History

United States
- Name: USS Canotia
- Namesake: A tree of the bittersweet family
- Builder: Everett-Pacific Shipbuilding & Dry Dock Company, Everett, Washington
- Laid down: as Canotia (YN-66)
- Launched: 4 July 1944
- Sponsored by: Mrs. F. Schmitz
- Commissioned: 31 July 1944 as USS Canotia (AN-47)
- Decommissioned: 18 February 1946, at San Diego, California
- Reclassified: AN-47, 20 January 1944
- Stricken: date unknown
- Fate: Sold, 21 April 1947, fate unknown

General characteristics
- Class & type: Ailanthus-class net laying ship
- Tonnage: 1,100 tons
- Length: 194 ft 7 in (59.31 m)
- Beam: 37 ft (11 m)
- Draft: 13 ft 6 in (4.11 m)
- Propulsion: Diesel-electric, 2,500 hp (1,864 kW)
- Speed: 12.1 knots (13.9 mph; 22.4 km/h)
- Complement: 56 officers and enlisted
- Armament: 1 × 3"/50 caliber gun; 2 × 20 mm guns;

Service record
- Operations: World War II
- Awards: 1 battle star

= USS Canotia =

Naval ship

USS Canotia (AN-47/YN-66) was an which served with the U.S. Navy in the South Pacific Ocean theatre of operations during World War II. Her career was without major incident, and she returned home after the war bearing one battle star to her credit.

==Constructed in Everett, Washington==
Canotia (AN-47) was launched 4 July 1944 by Everett-Pacific Shipbuilding & Dry Dock Company, Everett, Washington; sponsored by Mrs. F. Schmitz; commissioned 31 July 1944 and reported to the U.S. Pacific Fleet.

==World War II service==
===Pacific Ocean operations===
Canotia departed San Francisco, California, 6 October 1944 for Pearl Harbor, where she arrived 16 October. She provided target service to ships training at this great base until 5 February 1945, when she was outward bound for action waters.

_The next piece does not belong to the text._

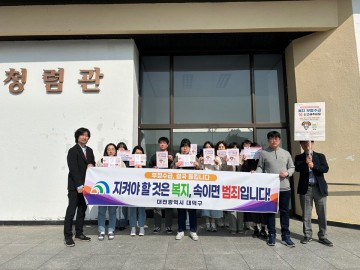 복지 속임수는 범죄…대전 대덕구, 부정수급 캠페인 전개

Arriving at Eniwetok 15 February, she reported for duty with the U.S. 5th Fleet, and sailed to Iwo Jima, where she had mooring and salvage duty from 28 February to 12 April. The first portion of this duty came as bitter action raged ashore, and enemy air attacks still menaced American shipping.

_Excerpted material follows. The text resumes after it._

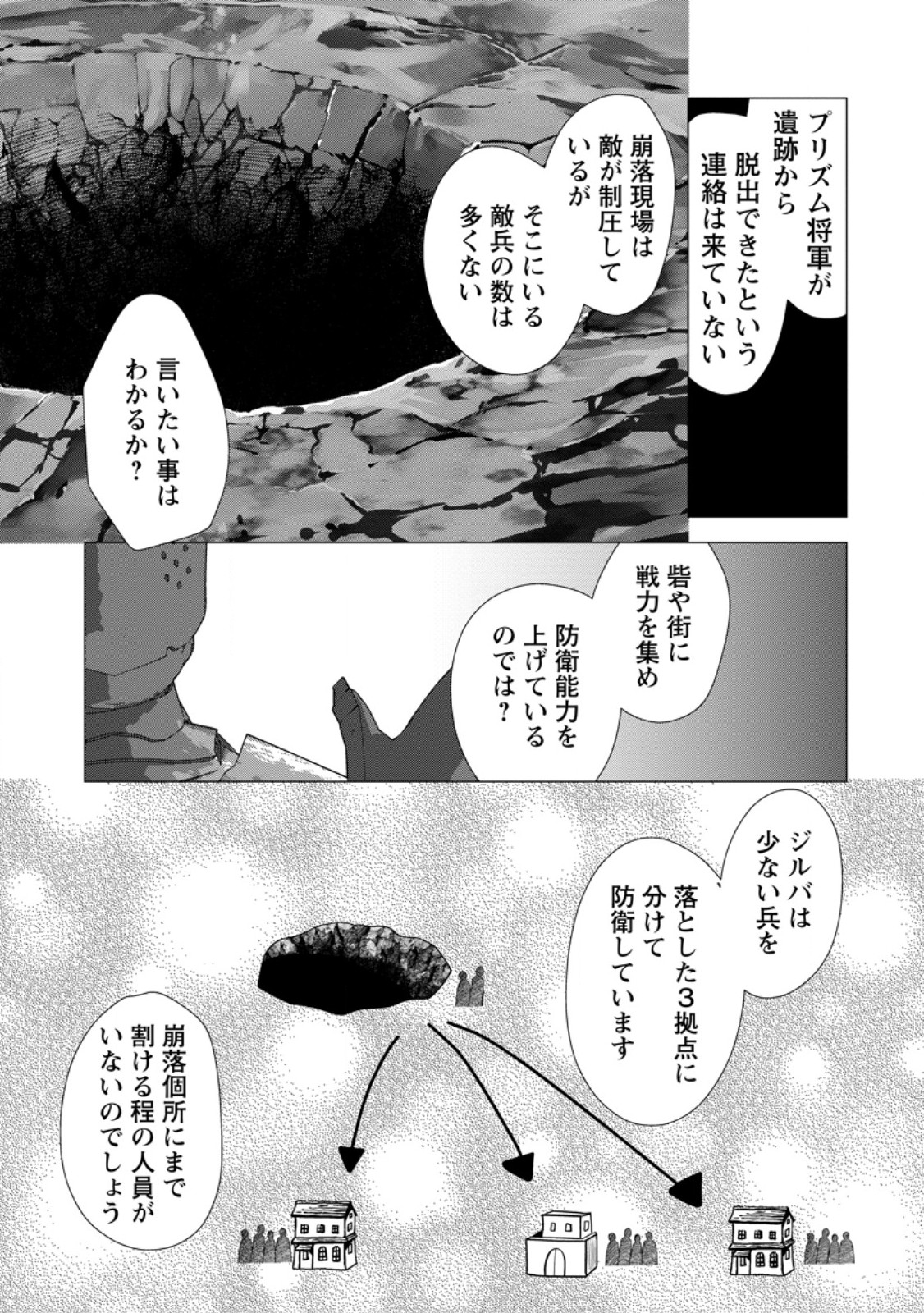 Hisshou Dungeon Unei Houhou - Chapter 60.3 - Page 3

===End-of-war operations===
After routine repairs at Guam, Canotia arrived at Ulithi 14 June to install and maintain nets. After the Japanese surrender, Canotia cruised the small islands of the western Caroline Islands searching for American and Allied ex-prisoners of war, or Japanese soldiers.

She received the surrender of the garrison on Lamotrek, and destroyed a Japanese supply dump on Olimarao. Between 23 September and 1 October, she removed net defenses at Ulithi and Kossol Roads.

==Post-war decommissioning==
On 26 October, cleared for San Diego, California, where she was decommissioned 18 February 1946, and sold 21 April 1947.

==Honors and awards==
Canotia received one battle star for World War II service.